The News can today reveal that since 2011, 10 people have received sentences totalling more than 140 years for the conspiracies.
The extent of the four-year probe can be laid bare for the first time after reporting restrictions were lifted at Winchester Crown Court.
Both groups targeted Portsmouth man Shaun Wilson, 46, a corrupt dock worker who knew how to bypass security procedures.
In one conspiracy a group tried to import cocaine in a container of pineapples from Costa Rica.
In the other, conspirators tried to bring a haul of the class A drug into the country hidden in bananas.
The groups met separately with Wilson on numerous occasions in service stations, pubs and parks to plan importations of cocaine, unaware they were under surveillance by National Crime Agency (NCA) investigators.
The NCA said the shipment was timed to coincide with Wilson’s shifts so he could remove the drugs without detection.
But neither group managed to get their plans off the ground.
One failed when their first batch, totalling 57lbs (26kg) was seized during an operation in November 2010. All group members were arrested. The NCA said the capture of Wilson during the operation prevented the second group succeeding with their plan to import cocaine hidden in a container of bananas.
Further arrests were made in March 2011 and those involved were later convicted of conspiracy to import cocaine.
Wilson, of Madeira Road, Portsmouth, was found guilty in September 2011 of the first conspiracy to import cocaine and was jailed for 14 years. He pleaded guilty to the second conspiracy and received a concurrent eight-year sentence.
Gerry McGowan, NCA operations manager, said: ‘Wilson abused his position of trust by providing the groups with details of ships, routes and times. He was going to ensure he was on duty to guarantee safe removal of the drugs. The long-term plan was to import vast quantities of cocaine on a regular basis.
‘Protecting our borders is a priority for the NCA. We will be relentless in pursuing criminals who try to bring drugs into the country, however long it takes, and wherever they try to hide.’
Reporting restrictions were lifted on Friday when Audley Powell, of London, was sentenced to eight-and-a-half years in jail.
Powell was on the run until November when investigators found him in Jamaica and brought him back to the UK. He admitted conspiracy to import cocaine.
Crime group members jailed for the first cocaine conspiracy include Roy Godber, 64, of Essex, and David Roberts, 61, of Essex, who both went on the run while on trial in September 2011.
They were traced to Malta following a year-long hunt by investigators and were extradited last year after serving jail time for possession of false passports.
Godber and Roberts are each serving 20-year jail sentences. Co-conspirators Jason Flisher, 43, of Kent, Richard Edwards, 51, of London, and Eric Ward, 51, of Copythorn Road, Portsmouth, are also behind bars.

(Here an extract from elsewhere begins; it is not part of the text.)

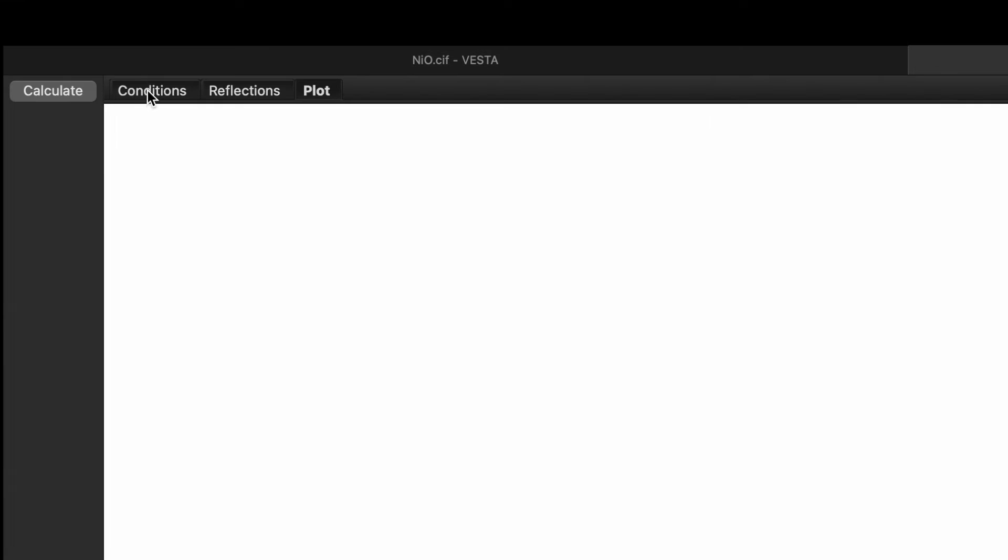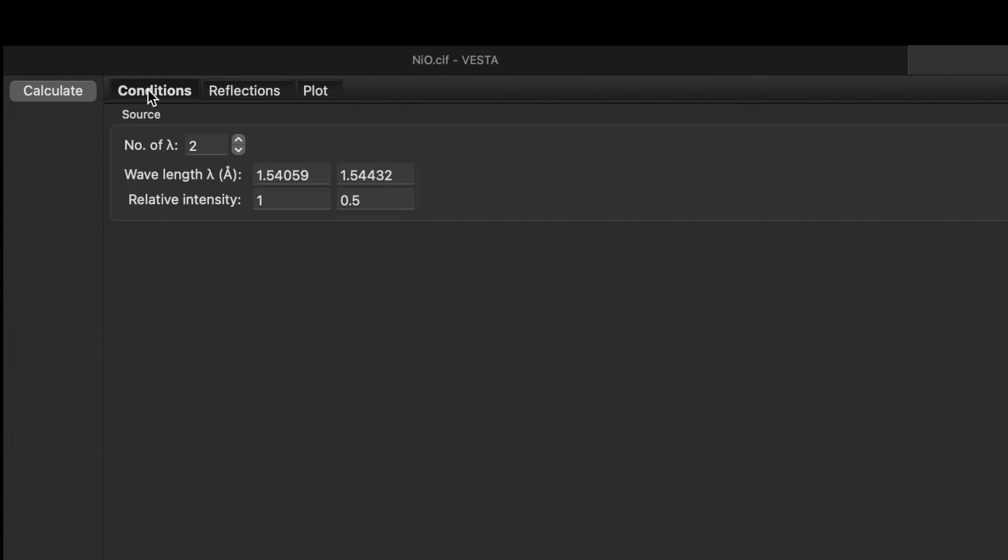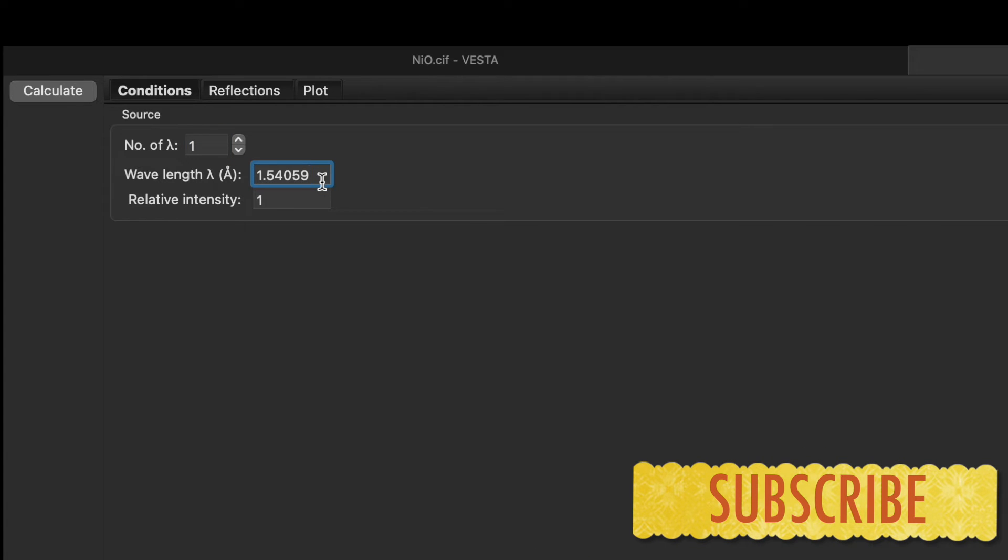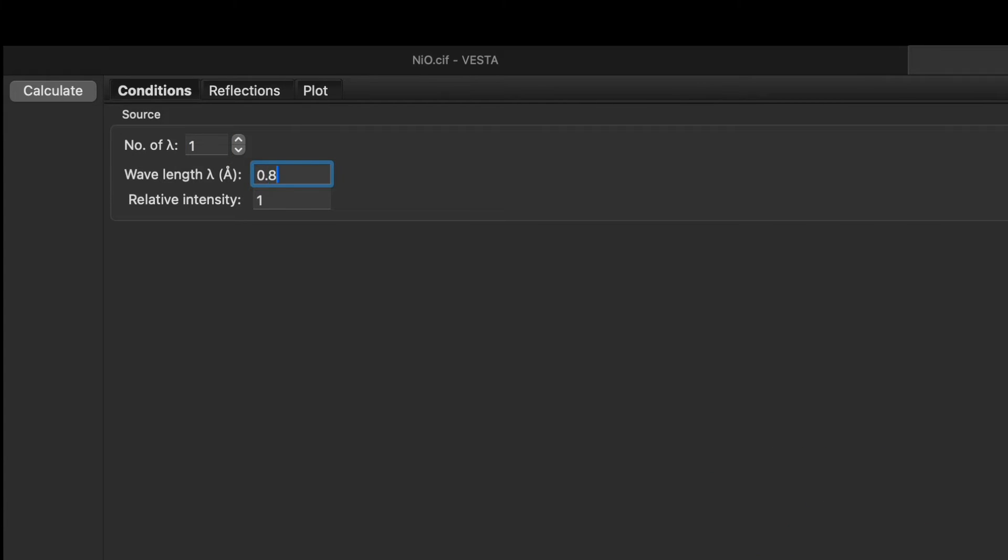In this window you can go to the conditions. In the condition initially it shows number of wavelength is 2, so reduce it to 1. And here we need to type the wavelength which is 0.82656 and then click on calculate.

Ward is serving 10 years after admitting conspiracy to import cocaine in September 2011. Flisher is serving 16 years for the same charge, and Edwards is serving a 20-year stretch. In the second group Donald Chambers, 55, of London, was jailed for 13 years and Norman Burton, 57, of London, received a 14-year jail sentence — both convicted of conspiracy to import cocaine.

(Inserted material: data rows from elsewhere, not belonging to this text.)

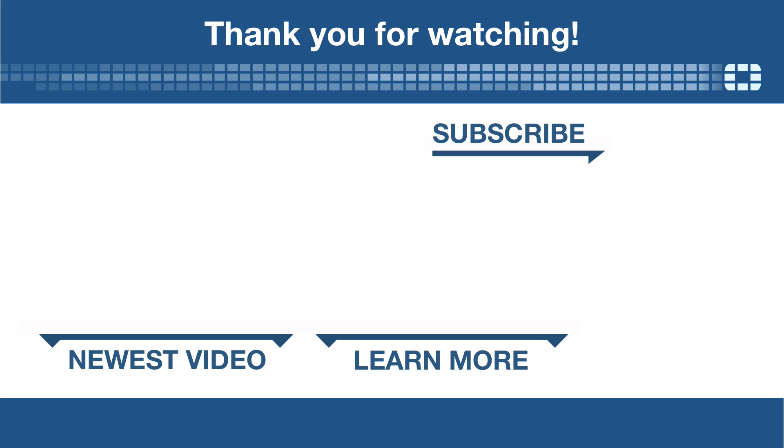Thank you for watching. If you'd like to see more videos like this one, click here to subscribe. And you can find a written version of this recipe on cookbook.fortinet.com.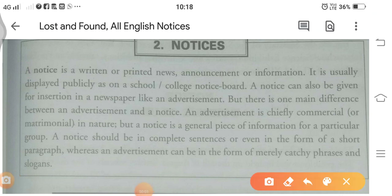Dear students, very good morning. In this lecture, we shall discuss notices — English notices. Notices is a topic which is very important from the point of view of exams, whether it is board class or non-board class, from sixth up to graduation. In schools and colleges, notices are given in exam question papers.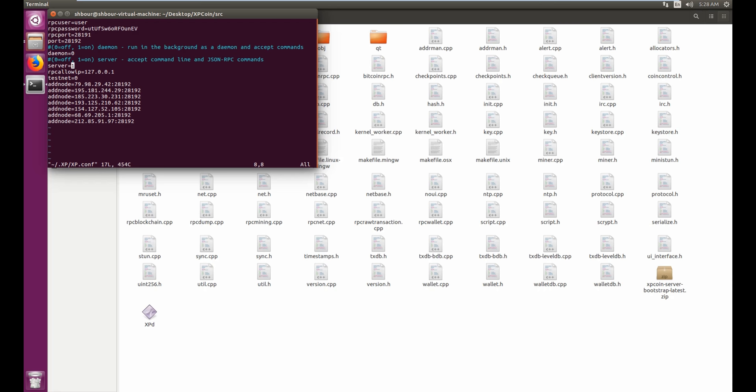Alright, once you're here you have to bring server from zero to one. I already have one. Once you modify it, press on escape, hold shift, and then z twice.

Errol Heibner, 69, of London, received a 14-year sentence after being convicted on the same charge in August 2012. The NCA said Louis Crawford, 25, of Essex, and Anthony Leigh, 30, of Essex, were arrested at the Channel Tunnel as they were about to leave the UK.
They were travelling in a car containing £300,000 hidden in a purpose-built compartment under the boot.
The men admitted money laundering in November 2011 and received 10-month jail sentences suspended for two years and were given 150 hours of community service.